Here are a couple more of my favourite scaffold board projects similar to the industrial rustic dining table.
Did you like this scaffold board table? Have you tried making your own? Feel free to leave a comment below on your own experiences and open up a conversation with me.
Take a look at some of my other popular posts:
Hi Ben, thank you very much for the information 🙂 I am currently trying out this type of table but have a couple of questions. Do you use a thicknesses or planer to straighten out the boards? Ours are a little warped, if we use a planer I’m worried they’ll just end up looking like new boards or take too much of the character out of them? But if we don’t they end up having one edge sticking up or not sitting flash together. If you have any advice for us that would be very appreciated!
Hi Hannah. You really need to use straight boards. You might get away with slightly warped boards boards but not too much. You could try and flatten them but I don’t think this will help much and like you say it will take the patina out of them. Either try and get some different boards or ‘reset the ones you have. To do this you will need to lay them flat for a couple of months and moisten them periodically. With a bit of weight on top they should go flat again. Then you need to dry them out. I guess they were stored upright which is why they have warped? I had some boards that were stored upright and were quite warped but after leaving them flat for several months they were fine. Hope this helps. Ben
Thank you that’s a lot of help! They arrived wet so we had them stored upright! 😬
You’re welcome. 🙂 If they arrived wet then the best thing to do is lay them flat inside, ideally next to a radiator and you should see them return to normal after a few weeks.
Hi just after some help please. My husband has made a table using scaffolding boards and used woodfiller once it was put together. He has now used Danish oil but the wood filler is leaving white strips as its not absorbing the oil. What can we do about it?
Hi Emma. I don’t think you will ever blend the colour perfectly. Oil won’t penetrate the wood filler so I would suggest using a stain instead. Try the Ronseal interior stain that I have used on my tables. Hope this helps. Ben
Brilliant instructions thanks.
I have made my table. 2m long.
I have used osmo amber oil tint.
We have ordered some faux leather tan counter lever chairs. However they have not arrived yet. I am ready to attach the legs to the table. I bought x cross shaped legs. I’m just wondering if there are any measurement as to where I place the legs. We will have 8 chairs. 3 either side and 1 either end. I just don’t want some chairs so they won’t go underneath. Alternatively I will wait for the chairs to arrive.
Also do you have andthing with regards to making coffee tables??
Hi Wil, you will want to wait until you have the chairs ideally as this may affect where the legs are mounted. I tend to mount my legs about 30cm in from each end to allow suitable leg room. This can be reduced slightly but no more than 26cm.

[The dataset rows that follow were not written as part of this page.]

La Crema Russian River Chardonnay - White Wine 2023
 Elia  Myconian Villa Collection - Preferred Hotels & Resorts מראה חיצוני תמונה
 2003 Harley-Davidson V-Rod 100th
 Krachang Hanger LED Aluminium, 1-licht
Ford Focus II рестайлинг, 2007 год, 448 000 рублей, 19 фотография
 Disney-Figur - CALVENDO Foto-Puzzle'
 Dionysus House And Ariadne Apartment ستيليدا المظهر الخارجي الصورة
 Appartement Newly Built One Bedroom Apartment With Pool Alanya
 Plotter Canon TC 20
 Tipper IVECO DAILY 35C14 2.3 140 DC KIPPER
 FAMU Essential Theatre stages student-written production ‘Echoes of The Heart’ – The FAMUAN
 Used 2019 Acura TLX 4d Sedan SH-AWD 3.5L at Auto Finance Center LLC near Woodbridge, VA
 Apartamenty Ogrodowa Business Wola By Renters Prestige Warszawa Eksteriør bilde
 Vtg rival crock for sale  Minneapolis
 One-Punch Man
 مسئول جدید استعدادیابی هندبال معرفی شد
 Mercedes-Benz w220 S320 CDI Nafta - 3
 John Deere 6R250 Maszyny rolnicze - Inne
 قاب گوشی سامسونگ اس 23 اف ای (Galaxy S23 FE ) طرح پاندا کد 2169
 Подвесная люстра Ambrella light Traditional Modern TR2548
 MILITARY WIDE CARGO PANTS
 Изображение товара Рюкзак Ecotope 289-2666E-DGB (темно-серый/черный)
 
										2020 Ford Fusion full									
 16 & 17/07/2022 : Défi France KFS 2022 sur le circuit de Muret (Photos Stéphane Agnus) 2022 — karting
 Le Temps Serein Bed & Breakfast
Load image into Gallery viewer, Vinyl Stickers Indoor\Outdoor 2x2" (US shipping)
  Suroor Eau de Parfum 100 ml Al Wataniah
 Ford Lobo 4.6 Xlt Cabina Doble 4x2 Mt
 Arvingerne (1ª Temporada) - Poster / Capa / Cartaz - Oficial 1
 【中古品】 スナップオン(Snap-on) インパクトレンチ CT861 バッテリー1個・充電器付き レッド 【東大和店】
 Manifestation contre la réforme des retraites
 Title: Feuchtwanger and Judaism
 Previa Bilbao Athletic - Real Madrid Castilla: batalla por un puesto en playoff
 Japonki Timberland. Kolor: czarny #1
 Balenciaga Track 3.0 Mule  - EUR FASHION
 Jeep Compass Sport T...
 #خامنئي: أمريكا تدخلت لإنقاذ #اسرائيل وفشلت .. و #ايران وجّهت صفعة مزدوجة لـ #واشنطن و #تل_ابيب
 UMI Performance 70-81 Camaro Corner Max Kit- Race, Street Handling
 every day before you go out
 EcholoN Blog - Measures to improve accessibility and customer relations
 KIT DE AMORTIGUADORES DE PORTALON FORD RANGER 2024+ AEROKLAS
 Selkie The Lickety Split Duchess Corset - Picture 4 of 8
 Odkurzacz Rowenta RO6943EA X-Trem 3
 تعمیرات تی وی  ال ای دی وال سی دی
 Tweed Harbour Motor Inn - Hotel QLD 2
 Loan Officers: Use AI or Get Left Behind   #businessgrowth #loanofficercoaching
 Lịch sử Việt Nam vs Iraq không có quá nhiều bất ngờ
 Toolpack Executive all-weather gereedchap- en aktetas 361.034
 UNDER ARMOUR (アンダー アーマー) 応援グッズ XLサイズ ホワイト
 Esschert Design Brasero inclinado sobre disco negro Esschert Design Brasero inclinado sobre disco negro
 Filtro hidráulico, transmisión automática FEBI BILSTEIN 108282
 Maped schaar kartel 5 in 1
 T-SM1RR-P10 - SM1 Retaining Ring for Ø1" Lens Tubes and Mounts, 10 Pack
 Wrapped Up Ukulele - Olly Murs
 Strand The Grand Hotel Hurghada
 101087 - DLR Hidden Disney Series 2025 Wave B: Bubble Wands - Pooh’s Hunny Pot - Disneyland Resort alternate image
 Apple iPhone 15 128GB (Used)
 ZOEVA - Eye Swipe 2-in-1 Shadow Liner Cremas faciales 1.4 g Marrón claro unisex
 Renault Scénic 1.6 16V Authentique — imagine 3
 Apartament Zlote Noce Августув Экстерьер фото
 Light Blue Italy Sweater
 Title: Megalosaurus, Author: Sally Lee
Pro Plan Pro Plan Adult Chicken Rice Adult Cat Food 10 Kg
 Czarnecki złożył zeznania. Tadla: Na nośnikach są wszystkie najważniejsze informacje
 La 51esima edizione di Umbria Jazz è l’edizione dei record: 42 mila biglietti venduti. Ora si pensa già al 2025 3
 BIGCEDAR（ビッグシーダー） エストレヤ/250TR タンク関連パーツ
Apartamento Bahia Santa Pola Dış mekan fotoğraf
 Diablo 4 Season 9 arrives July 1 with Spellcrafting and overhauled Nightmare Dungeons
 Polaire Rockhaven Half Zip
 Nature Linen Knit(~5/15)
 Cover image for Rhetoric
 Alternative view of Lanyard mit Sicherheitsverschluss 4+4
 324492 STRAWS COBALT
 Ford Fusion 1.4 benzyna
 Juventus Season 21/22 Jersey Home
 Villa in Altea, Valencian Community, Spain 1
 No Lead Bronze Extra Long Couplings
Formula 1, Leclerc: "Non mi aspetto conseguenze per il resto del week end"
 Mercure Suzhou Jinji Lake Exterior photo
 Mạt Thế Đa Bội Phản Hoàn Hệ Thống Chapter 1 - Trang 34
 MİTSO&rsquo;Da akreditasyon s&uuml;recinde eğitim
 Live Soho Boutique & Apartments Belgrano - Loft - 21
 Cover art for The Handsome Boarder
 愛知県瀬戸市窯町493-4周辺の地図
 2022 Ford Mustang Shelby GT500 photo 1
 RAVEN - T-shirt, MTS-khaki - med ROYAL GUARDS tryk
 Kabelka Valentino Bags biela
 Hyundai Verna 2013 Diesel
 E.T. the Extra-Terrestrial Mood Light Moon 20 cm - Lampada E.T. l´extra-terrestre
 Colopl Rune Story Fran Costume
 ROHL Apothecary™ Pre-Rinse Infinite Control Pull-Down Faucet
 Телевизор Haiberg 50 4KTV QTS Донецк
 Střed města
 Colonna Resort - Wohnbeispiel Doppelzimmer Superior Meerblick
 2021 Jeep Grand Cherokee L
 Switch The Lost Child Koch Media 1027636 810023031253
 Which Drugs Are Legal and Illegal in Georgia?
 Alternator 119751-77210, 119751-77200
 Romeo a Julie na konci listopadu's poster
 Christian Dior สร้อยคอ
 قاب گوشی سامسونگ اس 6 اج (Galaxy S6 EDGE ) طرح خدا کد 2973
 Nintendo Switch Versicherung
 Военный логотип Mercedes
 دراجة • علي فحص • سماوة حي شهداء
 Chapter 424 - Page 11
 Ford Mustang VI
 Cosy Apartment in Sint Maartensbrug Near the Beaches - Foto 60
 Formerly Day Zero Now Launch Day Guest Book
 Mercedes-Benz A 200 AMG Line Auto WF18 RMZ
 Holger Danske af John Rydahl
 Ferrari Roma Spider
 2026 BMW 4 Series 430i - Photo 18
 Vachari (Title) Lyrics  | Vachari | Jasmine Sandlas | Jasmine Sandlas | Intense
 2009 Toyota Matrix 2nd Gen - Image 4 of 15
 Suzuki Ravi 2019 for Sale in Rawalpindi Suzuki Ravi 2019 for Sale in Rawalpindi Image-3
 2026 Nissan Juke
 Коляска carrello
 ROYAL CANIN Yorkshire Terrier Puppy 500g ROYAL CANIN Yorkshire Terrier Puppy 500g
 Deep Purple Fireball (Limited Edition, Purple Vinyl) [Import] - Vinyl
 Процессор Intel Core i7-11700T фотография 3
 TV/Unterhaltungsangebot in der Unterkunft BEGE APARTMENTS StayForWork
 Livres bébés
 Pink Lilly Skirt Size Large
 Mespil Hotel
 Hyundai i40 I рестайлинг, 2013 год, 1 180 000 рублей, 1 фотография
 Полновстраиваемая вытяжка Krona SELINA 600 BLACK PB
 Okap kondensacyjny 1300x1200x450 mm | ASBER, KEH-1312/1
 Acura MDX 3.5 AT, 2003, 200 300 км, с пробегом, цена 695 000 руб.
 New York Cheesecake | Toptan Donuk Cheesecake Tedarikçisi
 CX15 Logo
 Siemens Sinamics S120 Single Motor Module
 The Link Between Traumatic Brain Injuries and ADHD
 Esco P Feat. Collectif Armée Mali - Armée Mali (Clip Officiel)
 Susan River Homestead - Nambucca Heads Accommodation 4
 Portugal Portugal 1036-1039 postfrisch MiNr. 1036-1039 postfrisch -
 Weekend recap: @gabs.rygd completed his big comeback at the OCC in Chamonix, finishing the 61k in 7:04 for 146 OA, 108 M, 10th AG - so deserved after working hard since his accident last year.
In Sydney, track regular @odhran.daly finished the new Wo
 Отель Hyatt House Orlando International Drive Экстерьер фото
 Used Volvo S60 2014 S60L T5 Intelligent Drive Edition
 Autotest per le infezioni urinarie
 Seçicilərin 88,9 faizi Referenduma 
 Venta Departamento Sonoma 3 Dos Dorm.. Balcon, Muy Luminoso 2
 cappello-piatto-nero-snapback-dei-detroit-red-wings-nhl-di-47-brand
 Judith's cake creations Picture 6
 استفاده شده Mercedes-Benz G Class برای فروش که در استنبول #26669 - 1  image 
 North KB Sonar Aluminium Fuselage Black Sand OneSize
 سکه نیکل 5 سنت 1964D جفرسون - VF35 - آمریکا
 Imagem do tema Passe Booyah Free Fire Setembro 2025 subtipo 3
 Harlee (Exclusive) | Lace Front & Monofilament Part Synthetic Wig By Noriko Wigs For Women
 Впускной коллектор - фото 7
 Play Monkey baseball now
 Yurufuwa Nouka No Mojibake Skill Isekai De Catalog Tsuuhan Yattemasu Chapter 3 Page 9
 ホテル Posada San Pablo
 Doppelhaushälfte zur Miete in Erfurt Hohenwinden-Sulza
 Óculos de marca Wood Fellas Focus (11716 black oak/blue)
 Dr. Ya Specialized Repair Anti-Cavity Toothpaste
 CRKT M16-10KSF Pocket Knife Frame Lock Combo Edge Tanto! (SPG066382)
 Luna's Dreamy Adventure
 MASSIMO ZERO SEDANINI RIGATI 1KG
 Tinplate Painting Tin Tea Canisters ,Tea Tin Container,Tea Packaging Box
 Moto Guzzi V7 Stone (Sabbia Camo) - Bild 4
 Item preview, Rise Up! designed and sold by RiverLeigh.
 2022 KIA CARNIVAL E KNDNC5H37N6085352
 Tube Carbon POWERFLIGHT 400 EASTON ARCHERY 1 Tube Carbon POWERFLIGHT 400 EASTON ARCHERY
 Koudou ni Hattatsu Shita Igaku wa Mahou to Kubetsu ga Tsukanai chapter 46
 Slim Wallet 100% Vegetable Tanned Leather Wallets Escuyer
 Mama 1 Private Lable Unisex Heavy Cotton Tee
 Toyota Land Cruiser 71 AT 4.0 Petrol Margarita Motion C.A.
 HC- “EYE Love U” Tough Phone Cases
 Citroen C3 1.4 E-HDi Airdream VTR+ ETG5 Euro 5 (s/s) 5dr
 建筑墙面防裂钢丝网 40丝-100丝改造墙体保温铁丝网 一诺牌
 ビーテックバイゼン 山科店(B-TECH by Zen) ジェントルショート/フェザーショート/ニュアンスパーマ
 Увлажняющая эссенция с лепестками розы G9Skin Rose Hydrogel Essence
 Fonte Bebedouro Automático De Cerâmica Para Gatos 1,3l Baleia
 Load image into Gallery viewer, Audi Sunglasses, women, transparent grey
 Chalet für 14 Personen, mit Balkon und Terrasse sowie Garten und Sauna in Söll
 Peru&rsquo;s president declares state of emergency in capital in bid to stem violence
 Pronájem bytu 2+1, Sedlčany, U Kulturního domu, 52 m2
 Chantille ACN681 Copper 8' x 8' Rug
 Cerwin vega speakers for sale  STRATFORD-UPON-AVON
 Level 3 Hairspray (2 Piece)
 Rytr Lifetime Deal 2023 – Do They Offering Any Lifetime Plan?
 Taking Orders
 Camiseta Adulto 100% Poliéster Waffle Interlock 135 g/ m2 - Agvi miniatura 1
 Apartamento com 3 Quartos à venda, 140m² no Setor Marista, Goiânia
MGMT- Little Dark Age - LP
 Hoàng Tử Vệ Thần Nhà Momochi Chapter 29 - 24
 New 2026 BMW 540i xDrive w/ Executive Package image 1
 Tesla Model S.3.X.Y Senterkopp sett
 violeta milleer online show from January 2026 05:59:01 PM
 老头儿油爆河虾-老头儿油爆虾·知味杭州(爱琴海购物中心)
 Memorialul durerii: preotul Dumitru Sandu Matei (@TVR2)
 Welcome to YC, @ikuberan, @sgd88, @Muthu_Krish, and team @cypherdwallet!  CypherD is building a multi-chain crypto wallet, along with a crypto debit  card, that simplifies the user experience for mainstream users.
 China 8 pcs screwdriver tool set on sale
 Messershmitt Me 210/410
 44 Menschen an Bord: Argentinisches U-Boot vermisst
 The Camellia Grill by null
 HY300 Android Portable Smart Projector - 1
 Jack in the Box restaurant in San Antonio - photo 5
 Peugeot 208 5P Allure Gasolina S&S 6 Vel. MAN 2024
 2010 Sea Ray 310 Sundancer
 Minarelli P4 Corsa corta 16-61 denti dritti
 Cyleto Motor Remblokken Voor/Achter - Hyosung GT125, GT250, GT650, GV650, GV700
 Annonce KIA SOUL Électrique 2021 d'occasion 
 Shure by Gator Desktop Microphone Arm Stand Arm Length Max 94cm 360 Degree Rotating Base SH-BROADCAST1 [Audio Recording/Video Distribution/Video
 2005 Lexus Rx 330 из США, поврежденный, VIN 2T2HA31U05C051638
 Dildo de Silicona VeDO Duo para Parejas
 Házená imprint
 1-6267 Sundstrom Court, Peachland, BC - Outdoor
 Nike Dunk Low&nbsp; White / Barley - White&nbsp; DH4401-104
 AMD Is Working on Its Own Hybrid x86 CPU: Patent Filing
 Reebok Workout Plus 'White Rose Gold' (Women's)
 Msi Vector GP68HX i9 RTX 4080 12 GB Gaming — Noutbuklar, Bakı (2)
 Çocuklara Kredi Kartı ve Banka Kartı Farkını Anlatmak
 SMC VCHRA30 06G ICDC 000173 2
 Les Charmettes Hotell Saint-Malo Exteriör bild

Good luck finishing off your project.
Great article, love the table! Have you ever experienced the reclaimed scaffold boards cracking splitting all the way through?
Yes, this does happen. Especially when the boards haven’t been dried properly. It also happens when there is a sudden change in temperature and humidity. When the boards are moved for a cold place to a hot place, for example an outside workshop into a warm heated house, the boards expand and contract rapidly causing them to split. It’s best to make small changes in temperature and let the boards adjust to new environments slowly.
Hi Ben, I don’t have a workspace large enough for clamps (nor do I own any), do you know of any alternatives? I did see that someone suggested using ratchet straps.
Hi Uday, I have used ratchet straps before and had quite good results. Just make sure the boards are held flat with a clamped support beam.
Thanks Ben, I will give it a go!
Thanks for sharing this! All the best!
Thanks, glad you liked it.
Thanks Ben will it matter that we have already used 2 coats of Danish oil?
Possibly Emma. I’m not sure. Try a small area underneath first and if it doesn’t dry you might need to sand back the oil and trya agin. A massive pain I know but might be the only way.